Eine der Höhepunkte ihrer Foto-Termine ist 1986 das Treffen mit der Ikone der französischen Literatur, Marguerite Duras, im Pariser Luxus-Hotel Ritz am Place Vendôme. Duras bekommt an dem historischen Ort den Prix Riz-Paris-Hemingway für ihren Roman Der Liebhaber verliehen. Ein Vierteljahrhundert zuvor hatte Duras eine Oscar-Nominierung für das Drehbuch zu dem Film von Alain Resnais Hiroshima, mon amour erhalten.
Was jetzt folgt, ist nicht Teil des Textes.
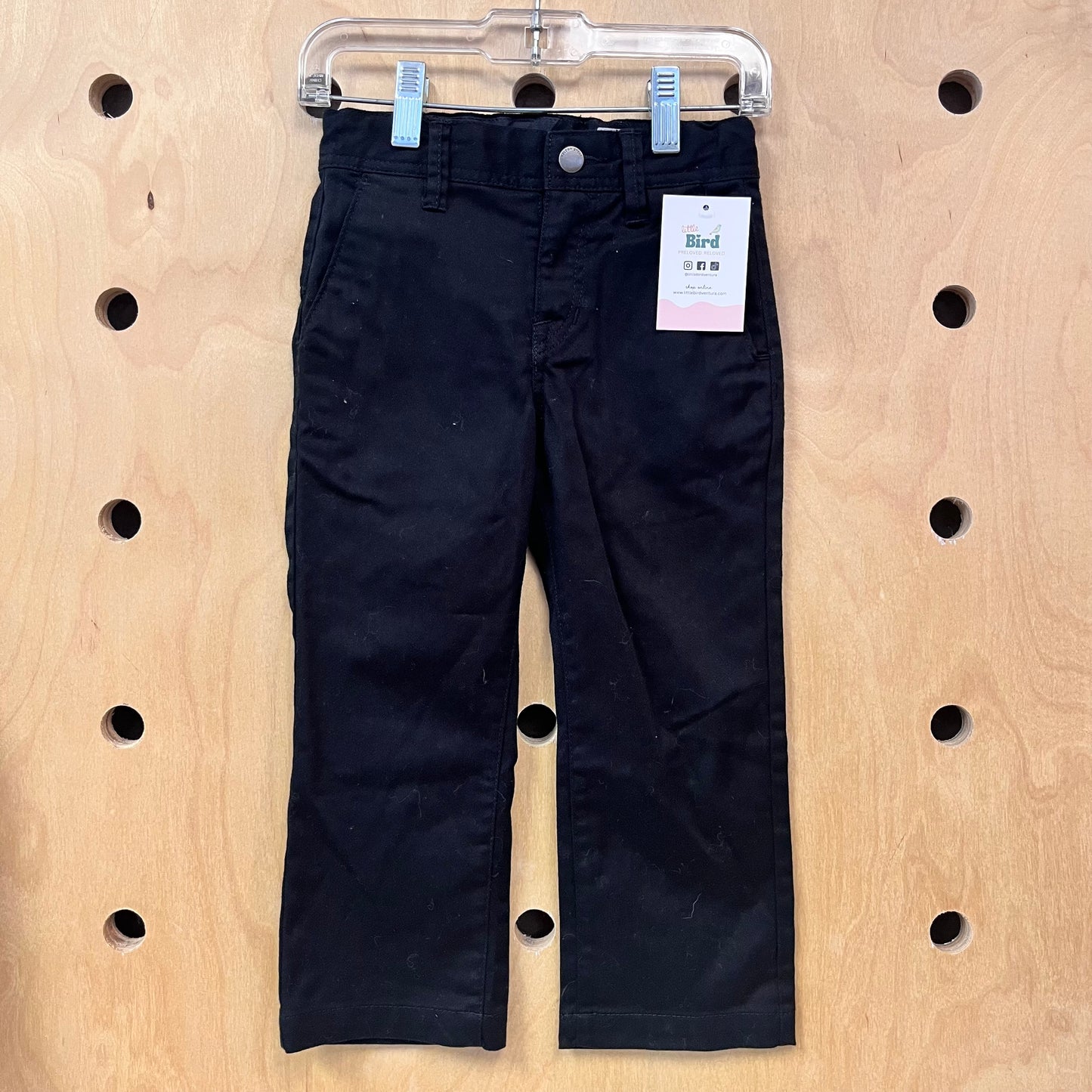 Black Straight Pants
Ob sie während des Fototermins bereits einen Teil ihrer täglichen 6-8 Liter roten Burgunder getrunken hatte, zeigen die Aufnahmen nicht.
Neben den Fotos, die die porträtierten Personen mit feiner Lichtgestaltung zeichnen, verfasst Isolde Ohlbaum eine Hommage an den Kunstkritiker und -historiker Wilhelm Hausenstein, der 1950 vom damaligen Bundeskanzler Konrad Adenauer als Generalkonsul nach Paris geschickt wird. Später wird er dann Deutschlands erster Botschafter in Frankreich. In der Nazizeit politisch verfolgt, steht Hausenstein für den versuchten Neubeginn einer Freundschaft zwischen den einst verfeindeten Ländern.
Dass Hausenstein die richtige Wahl für die Pariser Tätigkeit sein würde, war deshalb vorhersehbar, weil er nach dem 2. Weltkrieg nicht nur zum ersten Präsidenten der Bayrischen Akademie der Schönen Künste gewählt worden war, sondern auch, weil er zur Gruppe der 48 Schriftsteller:innen gehörte, die 1949 in der Frankfurter Paulskirche die Deutsche Akademie für Sprache und Dichtung gründeten. Wie später Ohlbaum erlebt Hausenstein in Paris eine Atmosphäre großer intellektueller Freiheit, wenngleich er die traditionelle Eleganz der Stadt nach vier Jahren Besatzung durch die Nazis vermisst. Als Hauenstein fünf Jahre nach seiner Berufung nach München zurückkehrt, hat er zwar eine Reihe negativer Erfahrungen mit der Bonner Bürokratie gemacht, in denen noch viele ehemalige Nazis tätig waren. Aber es ist ihm gelungen, Grundlagen für den später von Konrad Adenauer und Charles de Gaulle unterzeichneten Élysée-Vertrag zu schaffen, der die „Erbfeindschaft“ der beiden Staaten beendete.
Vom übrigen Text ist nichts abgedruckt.